Les œuvres de Florian Pumhösl s’intéressent aux vocabulaires formels de l’abstraction et de la modernité, et plus précisément à la « transgression des formes » : les dynamiques de traduction, de déplacement ou de réminiscence de certaines formes entre différentes époques, différents contextes géographiques, différents médiums. Ses projets antérieurs se sont par exemple intéressé aux formes représentatives des échanges réciproques entre les avant-gardes japonaises, russes et européennes (Modernologie, 2007) ou aux premières manifestations du modernisme en architecture au Brésil (Programm, 2006).
L’exposition au Mudam s’articule autour d’un film d’animation abstrait prenant comme point de départ un livre japonais de la fin du XVIIe siècle, le Yuzen Hiinagata (1688), un ouvrage en quatre volumes consacré aux motifs pour kimonos, provenant de la Bibliothèque Tenri au Japon. Florian Pumhösl a utilisé cet ouvrage comme un « script » pour son film : les formes graphiques des gravures du livre ont été sélectionnées, simplifiées et réorganisées de telle sorte que l’oeuvre propose une typologie de fragments formels. Le film est organisé en différents chapitres, nommés à partir des numéros de références sous lesquels ils sont enregistrés à la Bibliothèque Tenri. L’intérêt de l’artiste pour ces motifs s’inscrit dans le cadre de recherches plus larges sur les jeux de déplacements et d’influences entre différents contextes géographiques et historiques : « En m’intéressant à ces formes décoratives, j’ai tenté de redécouvrir en celles-ci ce qui a pu initier la fascination des artistes de la modernité pour le langage visuel japonais : un terrain commun. »

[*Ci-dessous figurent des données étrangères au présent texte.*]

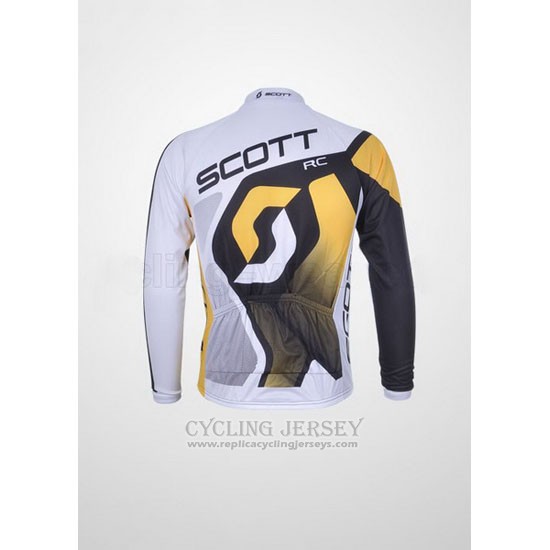 2012 Cycling Jersey Scott White Long Sleeve and Bib Tight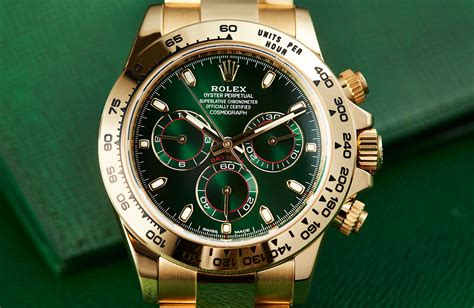 gold rolex daytona green face|gold rolex with green dial.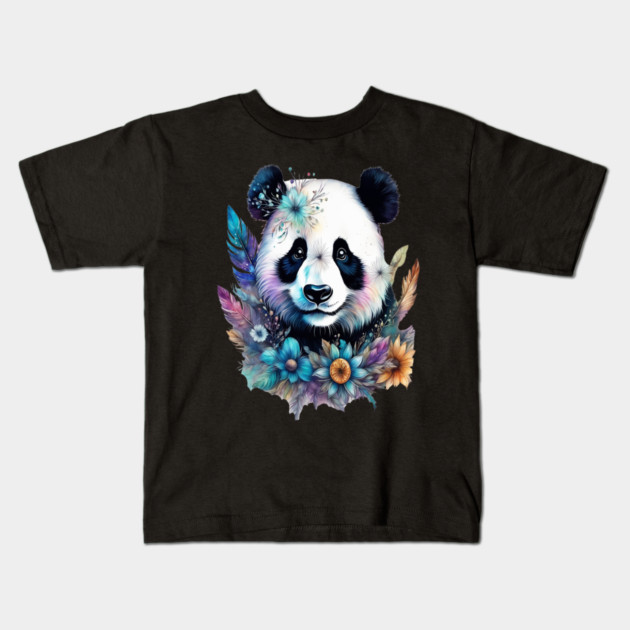 Fantasy, Watercolor, Panda Bear With Flowers and Butterflies Kids T-Shirt by BirdsnStuff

L’image en mouvement occupe une place centrale dans la pratique de Pumhösl. Dans le film 16mm, le montage cinématographique sert d’équivalent à la succession des pages dans le livre. Le film 16mm peut rappeler certains films abstraits produits au début du XXe siècle, tels que Diagonal Symphony (1921-1924) de Viking Eggeling. L’intérêt de l’artiste pour ces premiers films abstraits se situe notamment dans la manière dont ils visualisent les dialogues qui se sont établis à l’époque entre avant-garde, abstraction et recherches cinématographiques. Dans l’exposition, le film 16mm est accompagné d’une suite de compositions murales mettant en scène des morceaux de verre. Les formes que ces morceaux de verre dessinent peuvent rappeler les motifs présents dans le film 16mm. Associant chacune plusieurs formes simplement placées sur le plan incliné sans y être fixées, ces compositions évoquent une certaine fluidité. Elles fonctionnent pour l’artiste comme des « ébauches cinématographiques ».